### INFORMATION SUPPLIED ###

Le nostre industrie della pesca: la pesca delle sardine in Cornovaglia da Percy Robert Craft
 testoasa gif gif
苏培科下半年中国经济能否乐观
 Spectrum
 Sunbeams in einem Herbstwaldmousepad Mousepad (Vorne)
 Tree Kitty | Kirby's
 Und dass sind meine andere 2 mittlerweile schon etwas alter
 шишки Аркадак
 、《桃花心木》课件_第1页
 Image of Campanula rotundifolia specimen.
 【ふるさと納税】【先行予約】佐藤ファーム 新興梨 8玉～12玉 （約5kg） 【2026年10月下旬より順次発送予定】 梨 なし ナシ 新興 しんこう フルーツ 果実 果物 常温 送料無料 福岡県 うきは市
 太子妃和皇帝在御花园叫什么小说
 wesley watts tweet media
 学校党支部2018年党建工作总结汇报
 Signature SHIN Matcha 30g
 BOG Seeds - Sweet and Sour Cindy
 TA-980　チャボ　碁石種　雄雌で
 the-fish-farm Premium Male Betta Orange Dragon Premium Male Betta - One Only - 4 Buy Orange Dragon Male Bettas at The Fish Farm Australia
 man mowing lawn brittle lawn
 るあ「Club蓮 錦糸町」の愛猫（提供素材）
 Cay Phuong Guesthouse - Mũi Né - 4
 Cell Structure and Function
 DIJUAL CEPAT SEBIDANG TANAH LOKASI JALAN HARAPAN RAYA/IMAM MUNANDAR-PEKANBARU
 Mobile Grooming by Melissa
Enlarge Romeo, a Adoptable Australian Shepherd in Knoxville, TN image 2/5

###

_ASSIGNED TASK_. Each record above is to be written out again exactly.

_ANSWER BELOW_.
Le nostre industrie della pesca: la pesca delle sardine in Cornovaglia da Percy Robert Craft
 testoasa gif gif
苏培科下半年中国经济能否乐观
 Spectrum
 Sunbeams in einem Herbstwaldmousepad Mousepad (Vorne)
 Tree Kitty | Kirby's
 Und dass sind meine andere 2 mittlerweile schon etwas alter
 шишки Аркадак
 、《桃花心木》课件_第1页
 Image of Campanula rotundifolia specimen.
 【ふるさと納税】【先行予約】佐藤ファーム 新興梨 8玉～12玉 （約5kg） 【2026年10月下旬より順次発送予定】 梨 なし ナシ 新興 しんこう フルーツ 果実 果物 常温 送料無料 福岡県 うきは市
 太子妃和皇帝在御花园叫什么小说
 wesley watts tweet media
 学校党支部2018年党建工作总结汇报
 Signature SHIN Matcha 30g
 BOG Seeds - Sweet and Sour Cindy
 TA-980　チャボ　碁石種　雄雌で
 the-fish-farm Premium Male Betta Orange Dragon Premium Male Betta - One Only - 4 Buy Orange Dragon Male Bettas at The Fish Farm Australia
 man mowing lawn brittle lawn
 るあ「Club蓮 錦糸町」の愛猫（提供素材）
 Cay Phuong Guesthouse - Mũi Né - 4
 Cell Structure and Function
 DIJUAL CEPAT SEBIDANG TANAH LOKASI JALAN HARAPAN RAYA/IMAM MUNANDAR-PEKANBARU
 Mobile Grooming by Melissa
Enlarge Romeo, a Adoptable Australian Shepherd in Knoxville, TN image 2/5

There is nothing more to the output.